### THE PROBLEM
Find, in the records below, the line that contains "Pantalón campana estampado serpiente mujer" and the line that contains "Top view of". Copy those two lines and everything between them exactly, but not the pictures.

### DATA LISTING
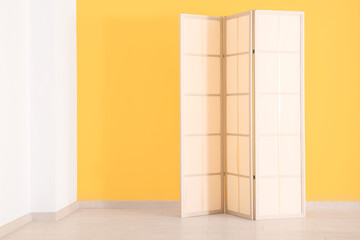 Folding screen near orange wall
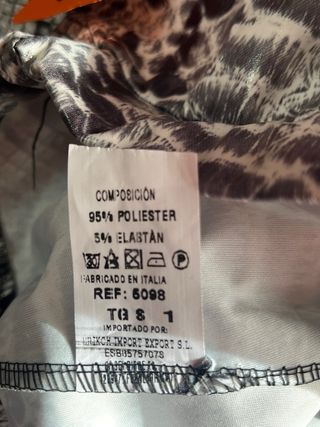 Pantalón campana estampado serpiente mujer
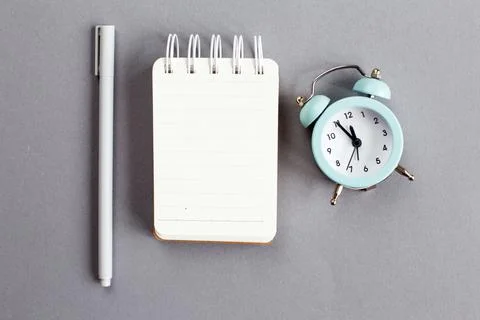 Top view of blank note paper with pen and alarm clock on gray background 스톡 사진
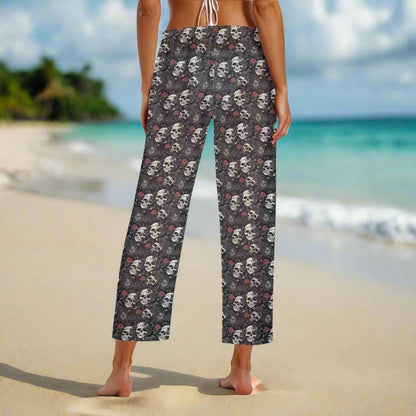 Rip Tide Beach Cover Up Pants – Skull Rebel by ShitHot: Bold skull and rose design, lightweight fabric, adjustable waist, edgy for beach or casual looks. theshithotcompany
==
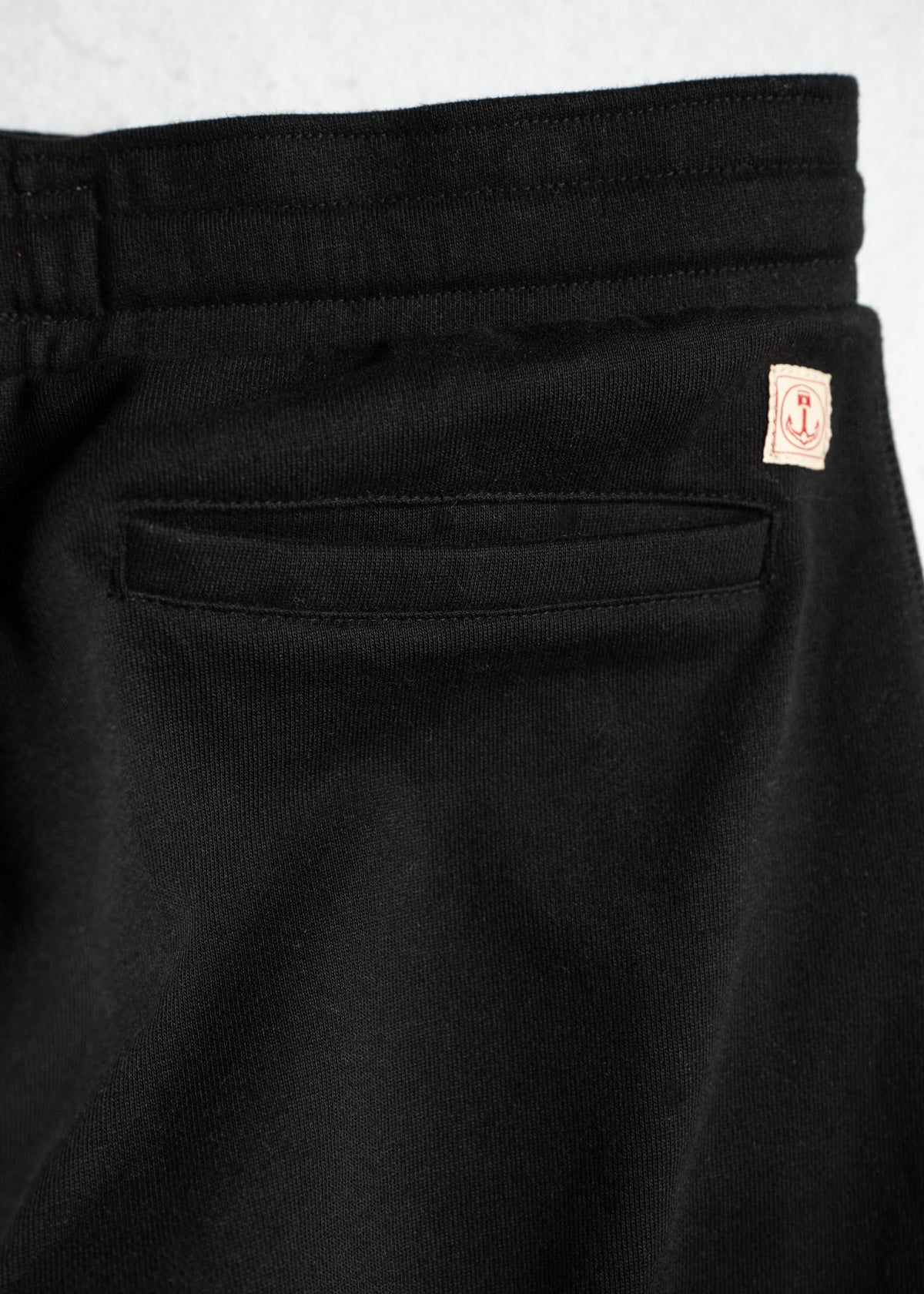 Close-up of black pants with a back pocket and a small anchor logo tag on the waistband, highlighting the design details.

### OUTPUT FOR THIS TASK
 Pantalón campana estampado serpiente mujer
 Top view of blank note paper with pen and alarm clock on gray background 스톡 사진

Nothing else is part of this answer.